What to produce: Leaving out the pictures, restate each record below word for word.

(Captioned web image data)

=== Begin Enclosure ===

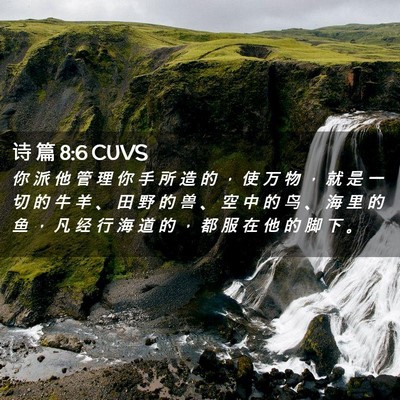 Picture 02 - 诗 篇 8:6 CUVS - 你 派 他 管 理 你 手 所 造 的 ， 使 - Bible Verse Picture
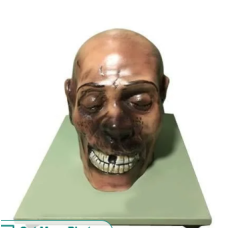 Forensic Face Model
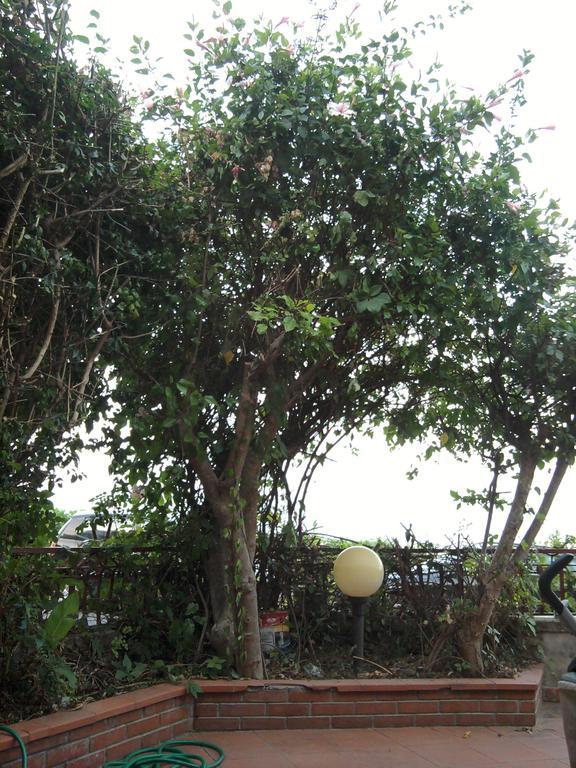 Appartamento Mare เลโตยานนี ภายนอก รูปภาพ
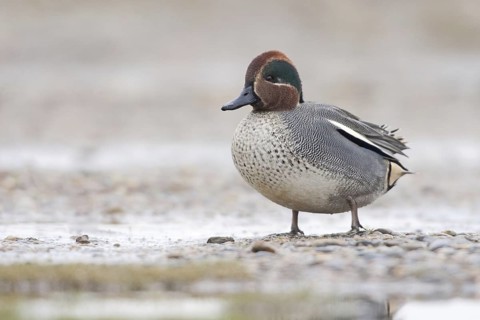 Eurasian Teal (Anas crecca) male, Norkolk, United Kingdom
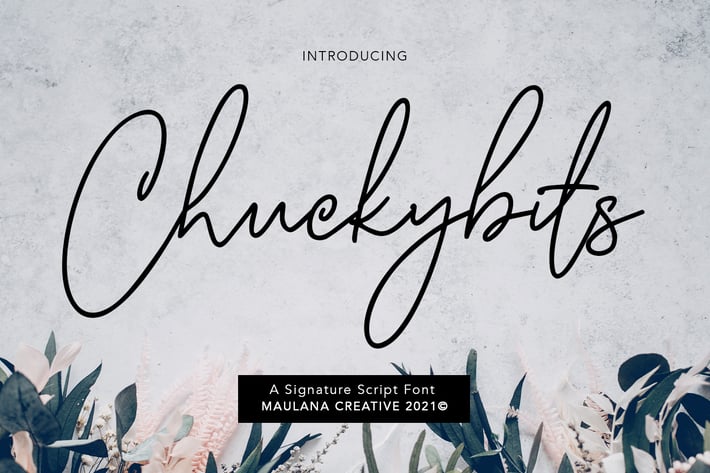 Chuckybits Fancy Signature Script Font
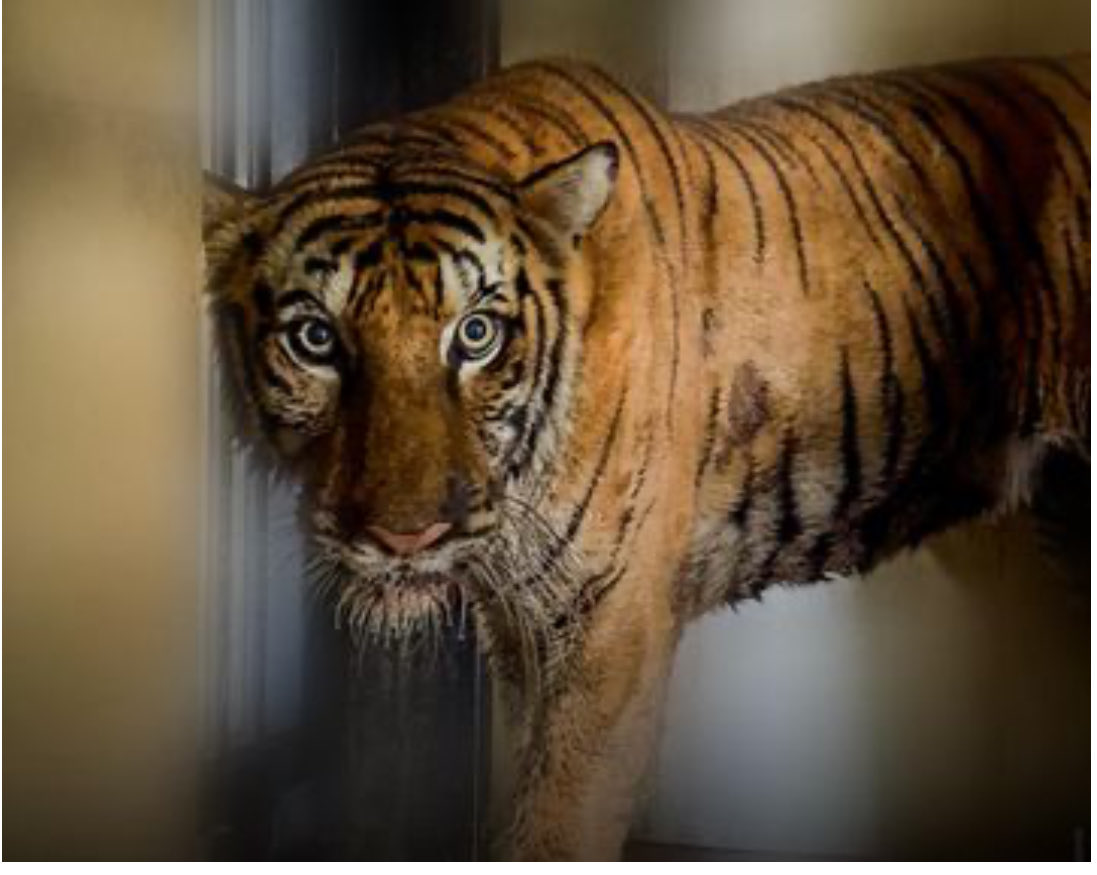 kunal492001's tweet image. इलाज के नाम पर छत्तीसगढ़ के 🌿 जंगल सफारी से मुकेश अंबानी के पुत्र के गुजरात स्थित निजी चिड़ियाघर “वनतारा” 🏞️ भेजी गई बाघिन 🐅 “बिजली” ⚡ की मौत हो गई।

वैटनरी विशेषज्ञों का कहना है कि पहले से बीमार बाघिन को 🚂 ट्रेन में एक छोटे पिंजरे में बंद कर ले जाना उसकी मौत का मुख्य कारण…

=== End Enclosure ===

Expected output:
 Picture 02 - 诗 篇 8:6 CUVS - 你 派 他 管 理 你 手 所 造 的 ， 使 - Bible Verse Picture
 Forensic Face Model
 Appartamento Mare เลโตยานนี ภายนอก รูปภาพ
 Eurasian Teal (Anas crecca) male, Norkolk, United Kingdom
 Chuckybits Fancy Signature Script Font
 kunal492001's tweet image. इलाज के नाम पर छत्तीसगढ़ के 🌿 जंगल सफारी से मुकेश अंबानी के पुत्र के गुजरात स्थित निजी चिड़ियाघर “वनतारा” 🏞️ भेजी गई बाघिन 🐅 “बिजली” ⚡ की मौत हो गई।

वैटनरी विशेषज्ञों का कहना है कि पहले से बीमार बाघिन को 🚂 ट्रेन में एक छोटे पिंजरे में बंद कर ले जाना उसकी मौत का मुख्य कारण…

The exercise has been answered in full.